On Mon, 16 Apr 2018, Chris Murphy wrote:

> Adding linux-usb@ and linux-scsi@
> (This email does contain the thread initiating email, but some replies
> are on the other lists.)
> 
> On Mon, Apr 16, 2018 at 5:43 AM, Austin S. Hemmelgarn
> <ahferroin7@xxxxxxxxx> wrote:
> > On 2018-04-15 21:04, Chris Murphy wrote:
> >>
> >> I just ran into this:
> >>
> >> https://github.com/neilbrown/mdadm/pull/32/commits/af1ddca7d5311dfc9ed60a5eb6497db1296f1bec
> >>
> >> This solution is inadequate, can it be made more generic? This isn't
> >> an md specific problem, it affects Btrfs and LVM as well. And in fact
> >> raid0, and even none raid setups.
> >>
> >> There is no good reason to prevent deep recovery, which is what
> >> happens with the default command timer of 30 seconds, with this class
> >> of drive. Basically that value is going to cause data loss for the
> >> single device and also raid0 case, where the reset happens before deep
> >> recovery has a chance. And even if deep recovery fails to return user
> >> data, what we need to see is the proper error message: read error UNC,
> >> rather than a link reset message which just obfuscates the problem.
> >
> >
> > This has been discussed at least once here before (probably more times, hard
> > to be sure since it usually comes up as a side discussion in an only
> > marginally related thread).  Last I knew, the consensus here was that it
> > needs to be changed upstream in the kernel, not by adding a udev rule
> > because while the value is technically system policy, the default policy is
> > brain-dead for anything but the original disks it was i9ntended for (30
> > seconds works perfectly fine for actual SCSI devices because they behave
> > sanely in the face of media errors, but it's horribly inadequate for ATA
> > devices).
> >
> > To re-iterate what I've said before on the subject:
> >
> > For ATA drives it should probably be 150 seconds.  That's 30 seconds beyond
> > the typical amount of time most consumer drives will keep retrying a sector,
> > so even if it goes the full time to try and recover a sector this shouldn't
> > trigger.  The only people this change should negatively impact are those who
> > have failing drives which support SCT ERC and have it enabled, but aren't
> > already adjusting this timeout.
> >
> > For physical SCSI devices, it should continue to be 30 seconds.  SCSI disks
> > are sensible here and don't waste your time trying to recover a sector.  For
> > PV-SCSI devices, it should probably be adjusted too, but I don't know what a
> > reasonable value is.
> >
> > For USB devices it should probably be higher than 30 seconds, but again I
> > have no idea what a reasonable value is.
> 
> I don't know how all of this is designed but it seems like there's
> only one location for the command timer, and the SCSI driver owns it,
> and then everyone else (ATA and USB and for all I know SAN) are on top
> of that and lack any ability to have separate timeouts.

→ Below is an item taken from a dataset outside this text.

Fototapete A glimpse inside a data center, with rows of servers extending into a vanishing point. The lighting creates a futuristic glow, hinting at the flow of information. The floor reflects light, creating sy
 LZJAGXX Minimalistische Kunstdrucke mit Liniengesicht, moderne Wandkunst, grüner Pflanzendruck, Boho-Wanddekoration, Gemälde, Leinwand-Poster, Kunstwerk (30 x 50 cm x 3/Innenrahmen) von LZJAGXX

As far as mass-storage is concerned, USB is merely a transport.  It 
doesn't impose any timeout rules; the appropriate timeout value is 
whatever the device at the end of the USB link needs.  Thus, a SCSI 
drive connected over USB could use a 30-second timeout, an ATA drive 
could use 150 seconds, and so on.

Unfortunately, the only way to tell what sort of drive you've got is by
looking at the Vendor/Product IDs or other information provided by the
drive itself.  You can't tell anything just from knowing what sort of
bus it's on.

Alan Stern

> The nice thing about the udev rule is that it tests for SCT ERC before
> making a change. There certainly are enterprise and almost enterprise
> "NAS" SATA drives that have short SCT ERC times enabled out of the box
> - and the udev method makes them immune to the change.